ISLAMABAD: Switzerland has agreed to revise the terms of a 2005 treaty, which will allow both countries to shore up information-sharing mechanisms that will help detect tax evaders who have stashed their assets in Swiss banks.
In policy statements before both houses of parliament on Wednesday, Finance Minister Ishaq Dar revealed that the Swiss government had agreed to revisit its bilateral convention on the avoidance of double taxation and had invited Pakistan to sign a fresh accord.
“We have received a letter from Swiss authorities dated March 2, proposing four dates — March 21, May 5, May 23 and 24 — for signing the convention,” Mr Dar said.
Both sides have already initialled the revised draft of the convention for the avoidance of double taxation with respect to income tax.
Pakistan has already ratified the revised convention. Now, Swiss parliament will ratify the amendments to the bilateral convention between the two countries before it is signed.
Mr Dar told the National Assembly that the government would opt to sign the treaty at the earliest possible date, because the finance division will be busy preparing the budget for the next financial year in May.

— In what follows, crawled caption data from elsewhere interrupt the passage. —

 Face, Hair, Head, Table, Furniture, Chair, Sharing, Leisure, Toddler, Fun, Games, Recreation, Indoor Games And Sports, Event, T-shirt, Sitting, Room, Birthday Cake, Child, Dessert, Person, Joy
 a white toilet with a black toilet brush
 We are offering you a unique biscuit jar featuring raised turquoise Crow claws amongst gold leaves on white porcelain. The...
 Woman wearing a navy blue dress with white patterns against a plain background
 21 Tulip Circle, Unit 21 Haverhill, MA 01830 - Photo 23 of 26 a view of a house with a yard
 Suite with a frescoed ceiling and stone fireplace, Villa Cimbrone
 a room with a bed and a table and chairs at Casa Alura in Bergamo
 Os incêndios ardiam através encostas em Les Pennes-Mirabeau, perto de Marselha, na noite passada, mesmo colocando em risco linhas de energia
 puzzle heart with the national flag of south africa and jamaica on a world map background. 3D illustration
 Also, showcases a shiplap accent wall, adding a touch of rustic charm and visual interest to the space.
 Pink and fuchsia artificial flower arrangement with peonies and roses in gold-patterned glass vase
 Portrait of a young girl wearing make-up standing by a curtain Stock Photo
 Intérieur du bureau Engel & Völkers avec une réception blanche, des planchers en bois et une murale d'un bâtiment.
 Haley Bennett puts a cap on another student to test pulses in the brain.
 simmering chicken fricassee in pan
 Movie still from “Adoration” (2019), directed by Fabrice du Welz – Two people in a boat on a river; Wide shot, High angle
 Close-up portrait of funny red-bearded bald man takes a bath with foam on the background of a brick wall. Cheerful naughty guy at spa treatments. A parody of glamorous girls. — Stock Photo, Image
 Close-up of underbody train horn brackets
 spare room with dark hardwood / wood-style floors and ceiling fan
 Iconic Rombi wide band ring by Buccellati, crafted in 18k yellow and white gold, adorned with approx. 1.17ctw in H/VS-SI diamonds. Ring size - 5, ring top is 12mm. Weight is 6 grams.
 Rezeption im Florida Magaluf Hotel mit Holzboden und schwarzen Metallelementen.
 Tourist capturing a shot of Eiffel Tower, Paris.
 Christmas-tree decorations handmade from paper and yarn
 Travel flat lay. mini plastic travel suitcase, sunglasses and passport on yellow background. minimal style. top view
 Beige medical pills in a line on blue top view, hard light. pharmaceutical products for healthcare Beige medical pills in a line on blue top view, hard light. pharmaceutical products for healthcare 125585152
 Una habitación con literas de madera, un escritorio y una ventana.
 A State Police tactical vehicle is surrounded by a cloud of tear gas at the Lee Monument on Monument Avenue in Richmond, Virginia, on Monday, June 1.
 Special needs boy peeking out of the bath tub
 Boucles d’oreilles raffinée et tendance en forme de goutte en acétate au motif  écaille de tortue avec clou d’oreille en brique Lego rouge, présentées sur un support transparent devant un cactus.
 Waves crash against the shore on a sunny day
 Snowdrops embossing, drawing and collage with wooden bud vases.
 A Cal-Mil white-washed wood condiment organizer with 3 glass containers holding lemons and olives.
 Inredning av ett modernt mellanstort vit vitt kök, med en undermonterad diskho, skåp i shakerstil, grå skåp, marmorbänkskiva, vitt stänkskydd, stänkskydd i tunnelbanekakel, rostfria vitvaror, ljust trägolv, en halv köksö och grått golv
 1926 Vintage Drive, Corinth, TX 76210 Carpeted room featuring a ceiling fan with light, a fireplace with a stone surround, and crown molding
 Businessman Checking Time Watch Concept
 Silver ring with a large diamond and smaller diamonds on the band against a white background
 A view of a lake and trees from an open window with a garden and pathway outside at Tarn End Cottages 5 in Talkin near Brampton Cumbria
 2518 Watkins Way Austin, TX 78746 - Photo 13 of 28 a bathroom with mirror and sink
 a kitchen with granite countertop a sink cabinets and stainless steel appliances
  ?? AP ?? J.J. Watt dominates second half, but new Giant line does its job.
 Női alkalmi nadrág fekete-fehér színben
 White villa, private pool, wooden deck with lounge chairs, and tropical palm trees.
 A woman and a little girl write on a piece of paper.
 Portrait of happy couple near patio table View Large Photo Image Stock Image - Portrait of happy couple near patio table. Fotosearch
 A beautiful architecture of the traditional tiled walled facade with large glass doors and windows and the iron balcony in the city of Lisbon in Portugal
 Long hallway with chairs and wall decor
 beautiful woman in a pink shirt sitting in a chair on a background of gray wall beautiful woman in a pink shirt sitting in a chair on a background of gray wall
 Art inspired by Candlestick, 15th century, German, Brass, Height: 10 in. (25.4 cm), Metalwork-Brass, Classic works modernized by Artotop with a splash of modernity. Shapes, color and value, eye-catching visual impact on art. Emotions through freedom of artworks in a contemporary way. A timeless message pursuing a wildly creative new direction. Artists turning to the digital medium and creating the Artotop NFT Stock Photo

Dar informs parliament of Switzerland’s invitation to revise double taxation treaty
Both sides initiated talks on the revised convention in 2014, following unconfirmed reports that Pakistani nationals had over $200 billion stashed in Swiss banks.
Pakistan and Switzerland signed a double taxation treaty in 2005, which was enforced in 2008. This treaty was based on the UN model, where it is not binding on member states to share information about investments, banks deposits, etc.
Pakistan has signed agreements for avoidance of double taxation with almost 63 countries on the same model.
Mr Dar told the National Assembly that the wording of the previous treaty with respect to the provision of exchange of information was “quite weak”.
“Then, in 2010, the Organisation for Economic Cooperation and Development (OECD) — of which Switzerland is a member — adopted a minimum standard on the exchange of information,” he said.
Mr Dar contended that the PML-N government had convinced Swiss authorities to revisit the earlier treaty on the basis of the standards set by the OECD.
It is not just Switzerland, but several other countries such as Malaysia, UAE and UK have also showed no eagerness to share information with Pakistan about the wealth stashed there.
To move forward on a bilateral basis, the government has now negotiated the incorporation of the latest OECD model, which empowers signatory nations to seek information regarding specific persons for specific reasons.
The government has negotiated and included Article 26 of the OECD model in the convention on avoidance of double taxation with Switzerland. This will now provide a mechanism to inquire about Pakistani specific citizens’ funds in Swiss accounts.
But even this law does not allow demands for general information from Switzerland.
Article 26 of the OECD model could help access bank accounts of citizens and their assets, but the information received or exchanged will be treated as secret and can only be disclosed to persons or authorities including courts and administrative bodies like tax department for assessment purposes.
There are also provisions in the article that empower a contracting state to decline information solely on the plea that it has no domestic interest in such information.
But sharing of information will not be declined if the information is held by a bank, financial institution, nominee or a person acting in an agency etc because it relates to ownership interests of a person.